I mean, it’s not really that long a time, it’s a reasonably early start to convert over at 23ish: that leaves a decent amount of lifetime to get to know a large chunk of the back catalog pretty well I think. What I mean is, given that I had heard classical music earlier on in life, what prevented me from getting over obsessed with it in the way that I am now, then?
Initially my suspicion was that all of the stuff I had heard before was the really classically sounding classical stuff, that is, stuff which is strongly associated with that kind of music in the general minds eye of the general public: Beethoven, Mozart, Bach. All stuff that I still have difficulties really unraveling and getting into, even now. I thought that I could probably blame my parents for not exposing me to Shostakovich and Stravinsky.
But it’s not true.
I must’ve heard the Rite of Spring – I certainly saw Fantasia several times. It just (shockingly, in hindsight) never grew on me. So I wonder what it was that opened my heart to the Saint-Saens which sent me down this path.

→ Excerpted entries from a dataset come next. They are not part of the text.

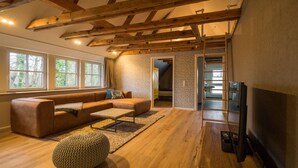 A spacious living room with a wooden ceiling, a large TV, a sofa, and a coffee table. - Kajüte Sieben 2 (St. Peter-Ording)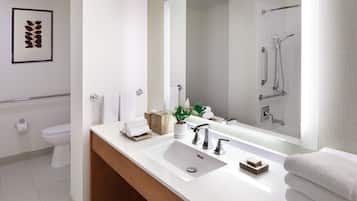 Un baño moderno con un lavabo blanco, un espejo grande, una ducha y un inodoro.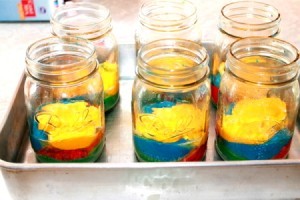 Mason jars filled with colored cake mix ready for baking.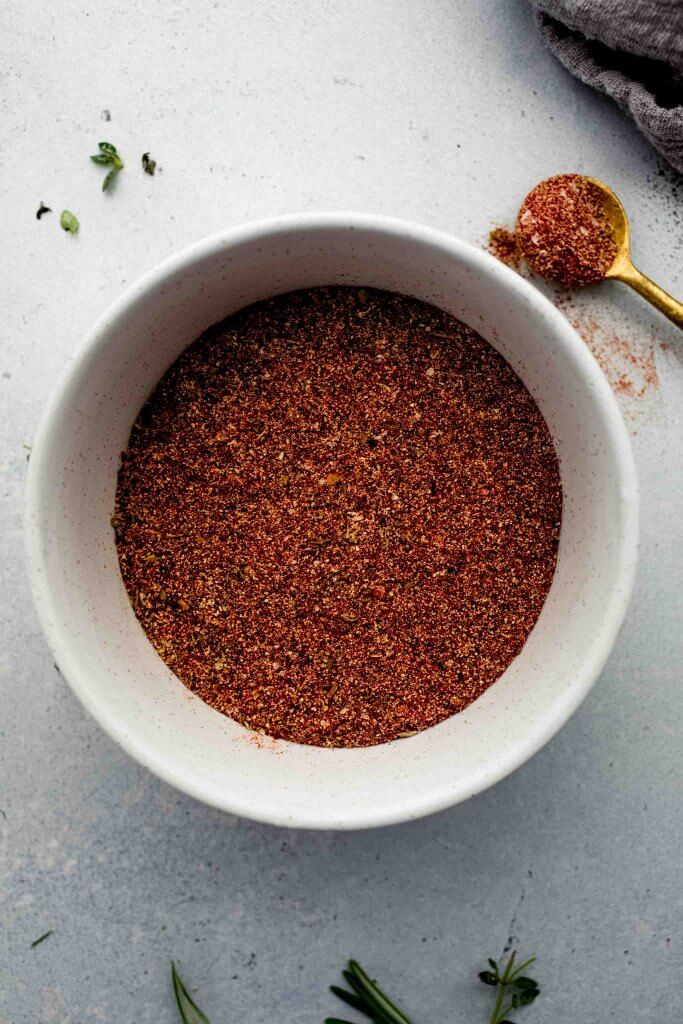 Cajun seasoning in small bowl on counter. 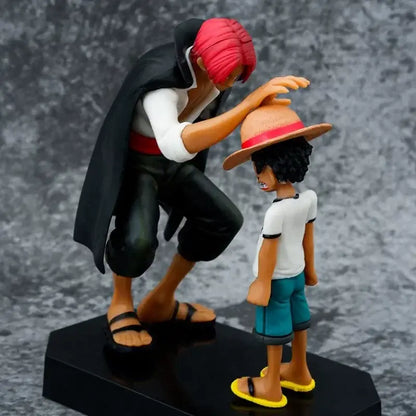 One piece monkey d luffy pvc statue 18cm showing a red-haired figure in black cloak kneeling beside a boy in straw hat
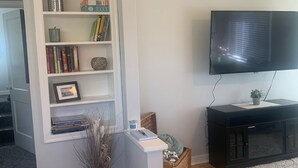 Uma sala de estar com uma estante branca, uma TV de tela plana, um rack de entretenimento preto e piso de madeira.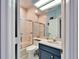 Compact bathroom with a shower/tub, white cabinets, and clean finishes at 861 Symphony Isles Blvd, Apollo Beach, FL 33572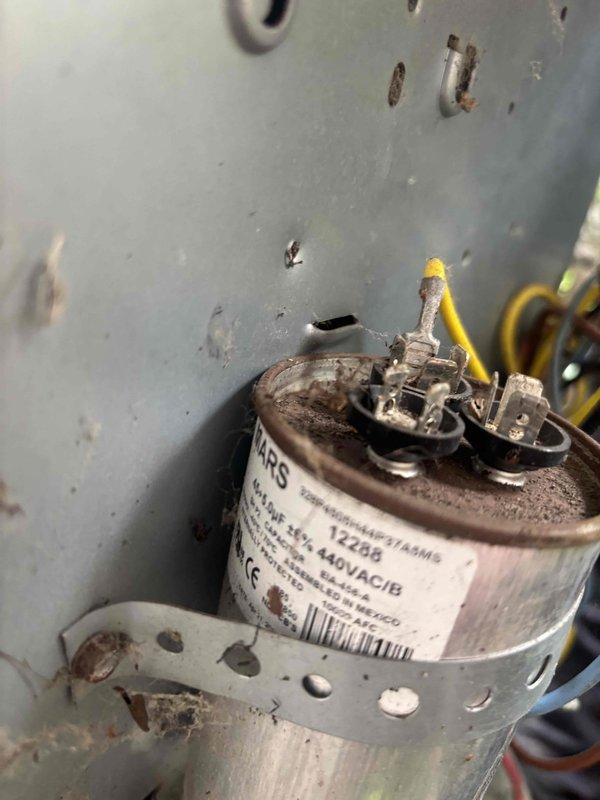 Completed comprehensive cooling system tune-up on residential HVAC unit. Inspected and serviced all major components including condenser unit, evaporator coil, and electrical connections. Noted significant corrosion on capacitor terminals and mounting hardware, indicating prolonged moisture exposure; capacitor remains functional but will require monitoring for future replacement. Verified system airflow, checked refrigerant levels, cleaned accessible components, and confirmed proper operation of all safety controls and thermostat functionality.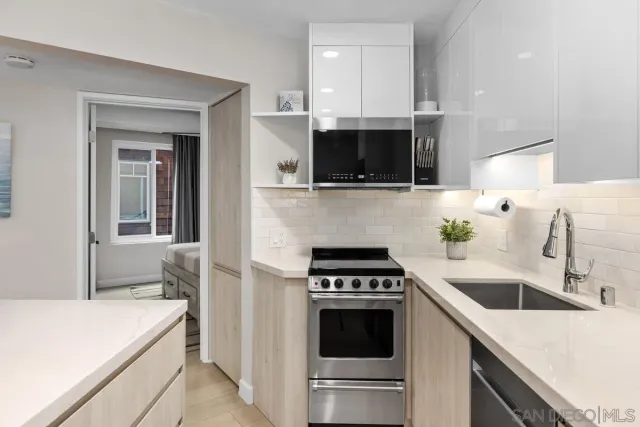 a kitchen with a sink and a stove top oven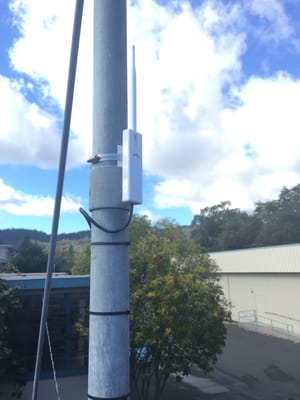 Installed long distance network antenna for connecting multiple buildings with high speed internet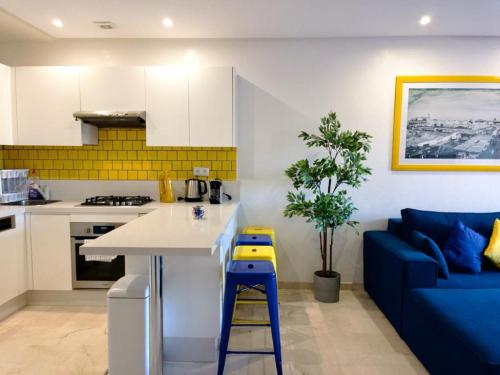 een keuken en een woonkamer met een blauwe bank bij TOP APPARTEMENT GUELIZ in Marrakesh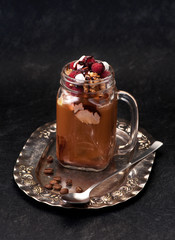 iced coffee with chocolate ice cream and raspberries on vintage plate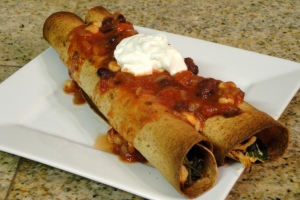 chicken and spinach taquitos topped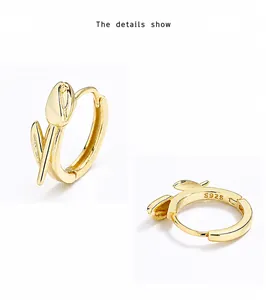 Detailed close-up of S925 sterling silver tulip hoop earrings with gold plated finish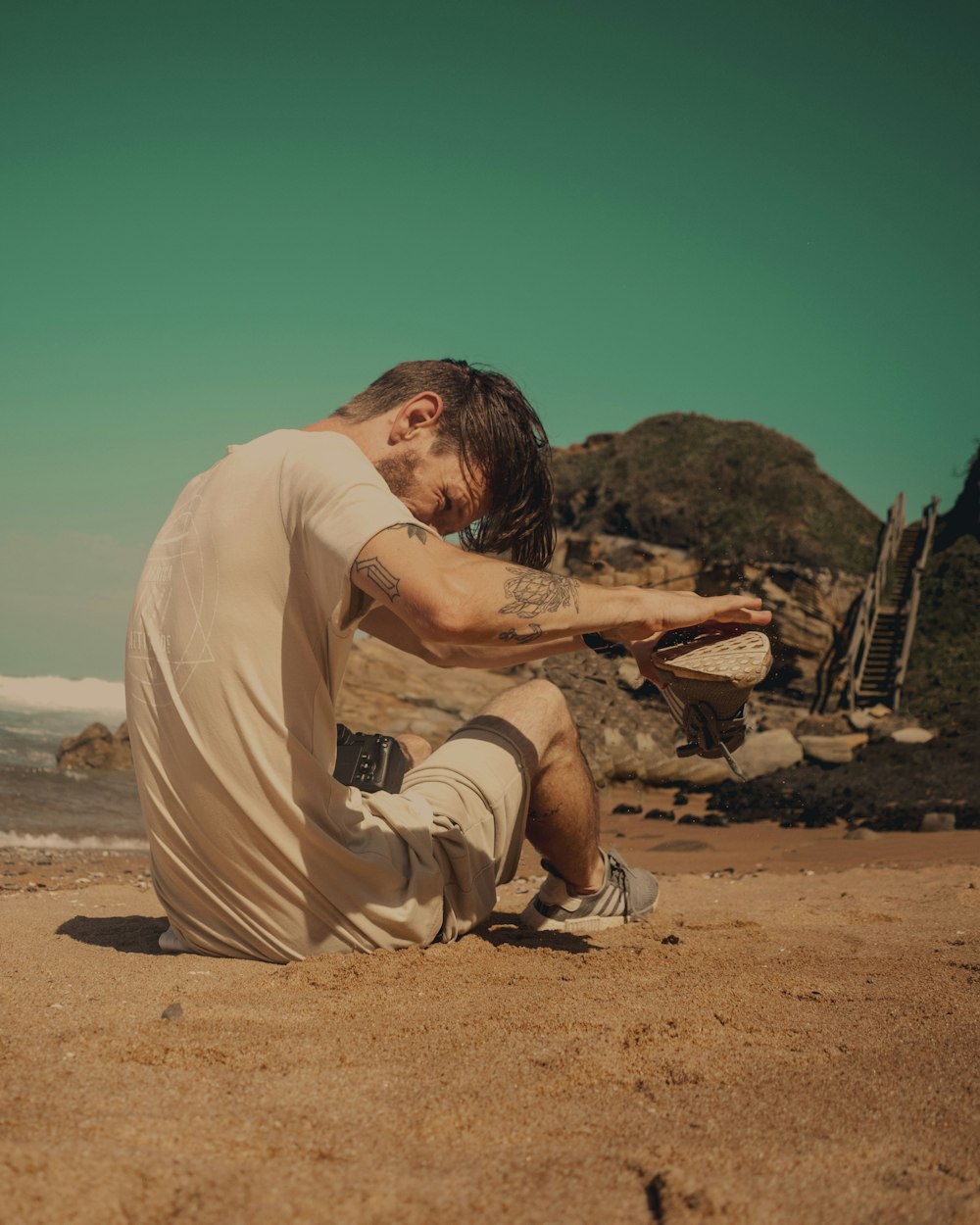 man in white shirt and brown shorts sitting in brown sand beach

I suspect that my musical tastes at the time prepared me for classical. I was very into experimental electronic music, which bears some important similarities to classical. It’s through-composed, it has melodic lines which appear in different forms, it”s long, it often takes a while to fully appreciate. While that helped I don;t think it’s nearly enough to be a compelling argument.
Another suspicion is that I was going through an emotional crisis, real serious can’t-sleep-at-night girlfriend turmoil, which probably opened me up to receiving this more emotionally satisfying, and (probably more importantly) different, music.
But probably the most important thing (and hence the number one classical music beginner’s tip) was that I finally listened to apiece multiple times, over and over, in a row. I distinctly remember the sense, the previously hidden logic, appearing to me. I’d call it an almost- religious experience, the sudden understanding of the depth and intelligence that before had lurked in dark camouflage.
So, if you don’t feel like classical makes sense, keep listening. Listen to a piece over and over, and it might pounce.